• _Aim of the exercise_: Only the lines below between the one holding "Total Graph of Big Sanfew" and the one holding "Women age distribution", inclusive, are to be reproduced word for word; the pictures are to be left out.

• _Material provided_:
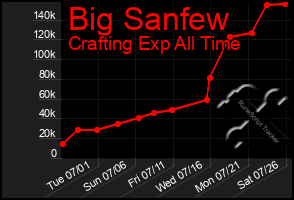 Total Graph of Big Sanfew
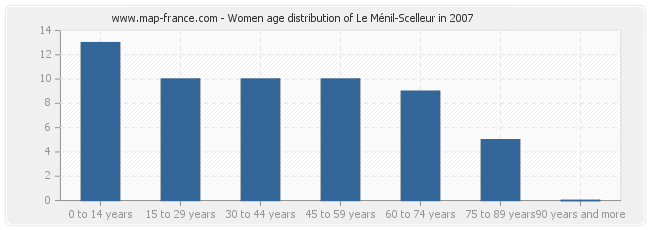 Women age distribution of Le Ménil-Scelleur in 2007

--

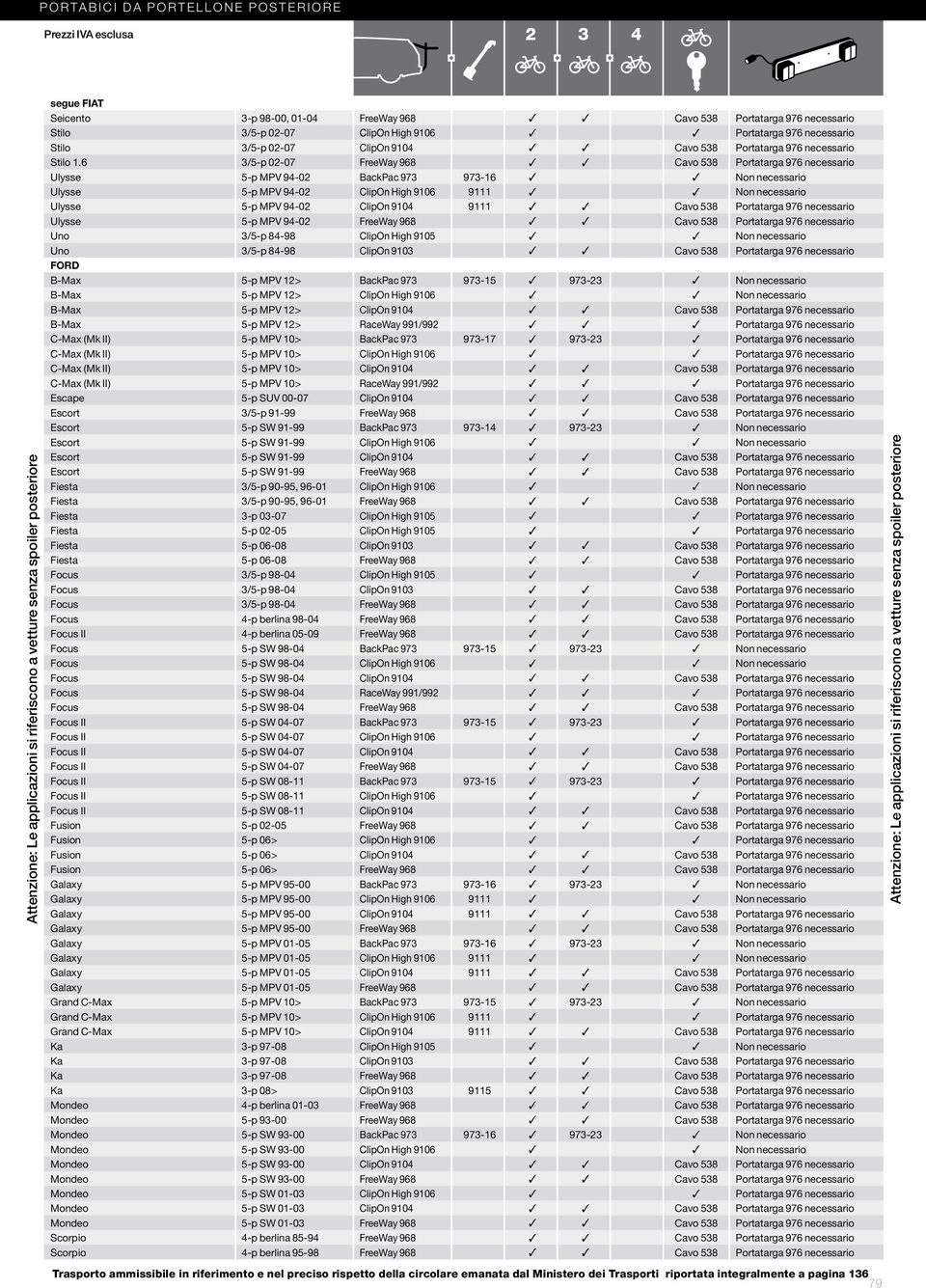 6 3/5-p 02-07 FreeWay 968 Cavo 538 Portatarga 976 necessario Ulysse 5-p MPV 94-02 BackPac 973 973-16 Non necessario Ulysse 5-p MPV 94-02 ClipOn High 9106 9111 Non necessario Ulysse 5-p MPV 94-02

• _Exercise solution_:
 Total Graph of Big Sanfew
 Women age distribution of Le Ménil-Scelleur in 2007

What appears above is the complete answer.